Lets see how we can solve this with CTEs.
DECLARE @manager VARCHAR(20)
SELECT @manager = 'Jacob';
WITH EmployeeCTE(empid, empname, ReportsTo, depth, sortcol)
AS(
SELECT empid, empname, ReportsTo, 0, CAST(empid AS VARBINARY(500))
FROM employees
WHERE Empname = @manager
UNION ALL
SELECT E.empid, E.empname, E.ReportsTo, M.depth+1, CAST(sortcol + CAST(E.empid AS BINARY(4)) AS VARBINARY(500))
FROM Employees AS E JOIN EmployeeCTE AS M
ON E.ReportsTo = M.empid
)
SELECT REPLICATE('----', depth) + empname AS empname
FROM EmployeeCTE CTE
ORDER BY sortcol


Output of the above query is:



The logic which I built is based on recursive CTE. The CTE would give me all the employees who are reporting to Jacob directly or indirectly. If you look at the definition of CTE, I am using @manager variable to restrict the result set of CTE.

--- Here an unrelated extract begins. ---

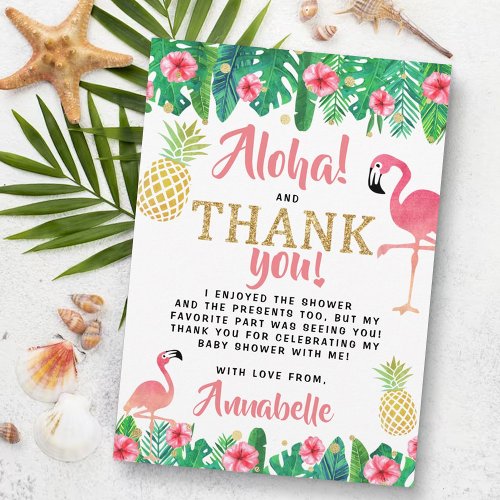 Tropical Summer Beach Luau Girls Baby Shower Thank You Card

The real challenge is not to hard code or use any variables inside the CTE which restricts the output.

After thinking a lot, the one idea which came to my mind is to find out the ultimate parent ID for each and every node. To find this I used Row_Number which is SQL Server Analytical function.

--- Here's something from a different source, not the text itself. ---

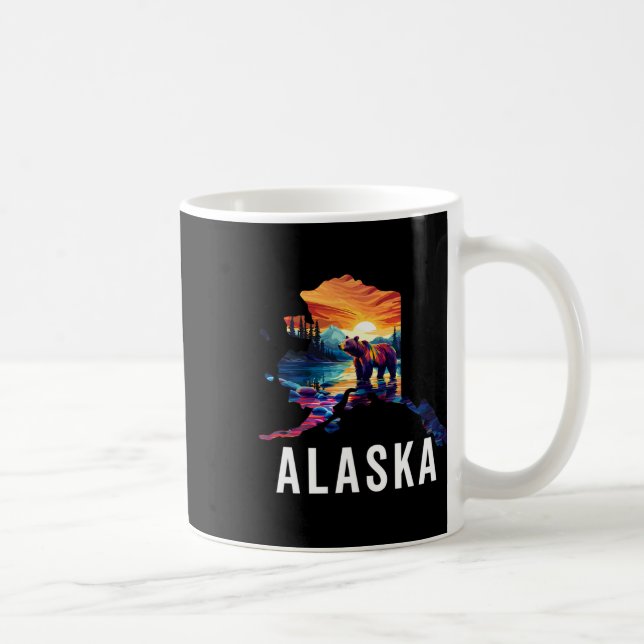 Alaskan Bear Animal Alaska Map Souvenirs Vacation  Coffee Mug (Right)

DECLARE @manager VARCHAR(20);
SELECT @manager = 'Jacob';
WITH EmployeesCTE
AS (
SELECT EmpName,EmpID, ReportsTo, 1 AS LEVEL,
CAST(row_number() OVER(ORDER BY @@LangID) AS varchar(max)) AS path
FROM dbo.Employees
UNION ALL
SELECT e.EmpName,e.EmpID, e.ReportsTo, EmployeesCTE.LEVEL + 1 AS LEVEL,
path + ',' + CAST(row_number() OVER(ORDER BY @@LangID) AS varchar(max)) AS path FROM dbo.Employees e, EmployeesCTE
WHERE ((e.ReportsTo = EmployeesCTE.EmpID))
)
SELECT REPLICATE(' ', c1.Level) + c1.EmpName as EmpName,
c1.ReportsTo, c1.LEVEL, c1.path
FROM EmployeesCTE c1 ,
(Select c2.EmpName,c2.Path from
EmployeesCTE c2
WHERE LTrim(c2.EmpName) = @manager And c2.Path Not Like '%,%' ) c2
where substring(c1.path+',',1,charindex(',',c1.path+',')-1) = c2.path
ORDER BY c1.path

The way to find out this is constructing the complete path from Node to its ultimate parent node. The code which does this part is
path + ',' + CAST(row_number() OVER(ORDER BY @@LangID) AS varchar(max)) AS path

@@LangID is dummy order by parameter; I had to use some variable to order the results.

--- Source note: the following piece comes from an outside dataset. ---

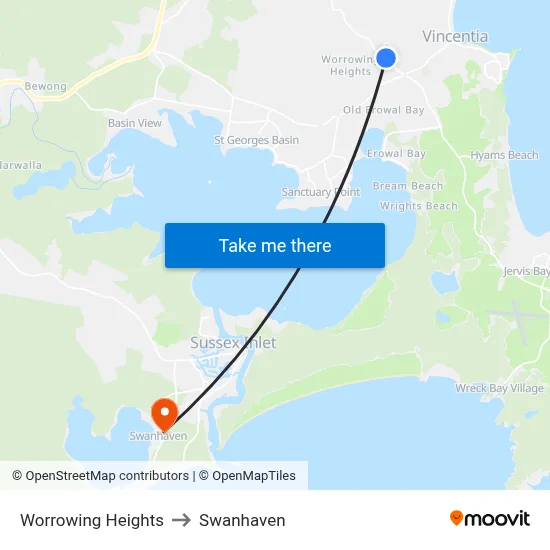 Worrowing Heights to Swanhaven map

Look at the below screen shot for the sample output.



So in this path I am taking the ultimate parent ID by applying CHARINDEX and SUBSTRING functions.


NOTE: The numbers which you are seeing in the Path column are not EmpIDs. These are based on SQL Server Analytical functions.


So now I have the node and its ultimate parent node. Next step is to limit the results based on the input parameter.
To limit the results I am using below query, where I am passing @manager and also placed a condition on the output of CTE where Path shouldn’t contain any special characters. What this means is if this column i.e. path contains any special characters then it has children. The below query would give me the ID of the @manager value.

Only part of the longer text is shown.